■ **What to do**
Carry none of the pictures over; write out the complete data exactly.
====== Input data ======
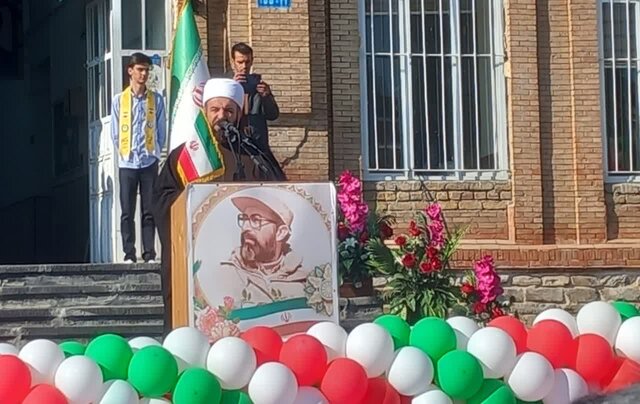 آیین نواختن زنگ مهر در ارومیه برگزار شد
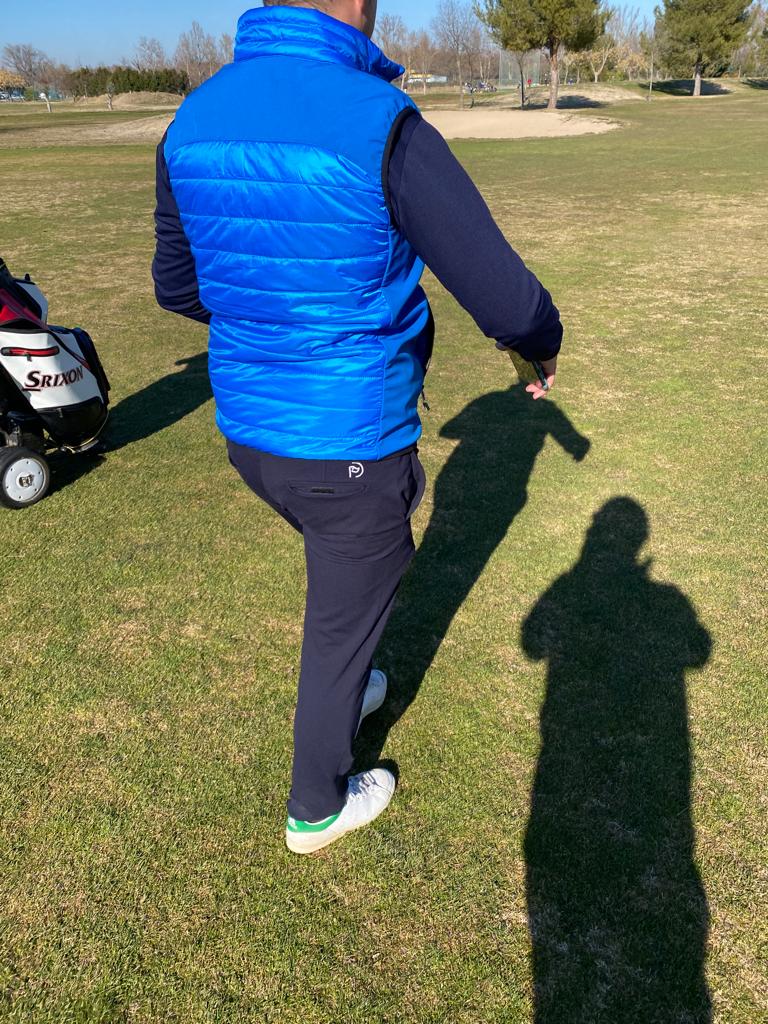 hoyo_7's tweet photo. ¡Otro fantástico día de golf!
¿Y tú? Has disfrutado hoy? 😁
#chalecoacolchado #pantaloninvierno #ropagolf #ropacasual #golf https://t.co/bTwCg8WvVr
======
■ **Output for this task**
 آیین نواختن زنگ مهر در ارومیه برگزار شد
 hoyo_7's tweet photo. ¡Otro fantástico día de golf!
¿Y tú? Has disfrutado hoy? 😁
#chalecoacolchado #pantaloninvierno #ropagolf #ropacasual #golf https://t.co/bTwCg8WvVr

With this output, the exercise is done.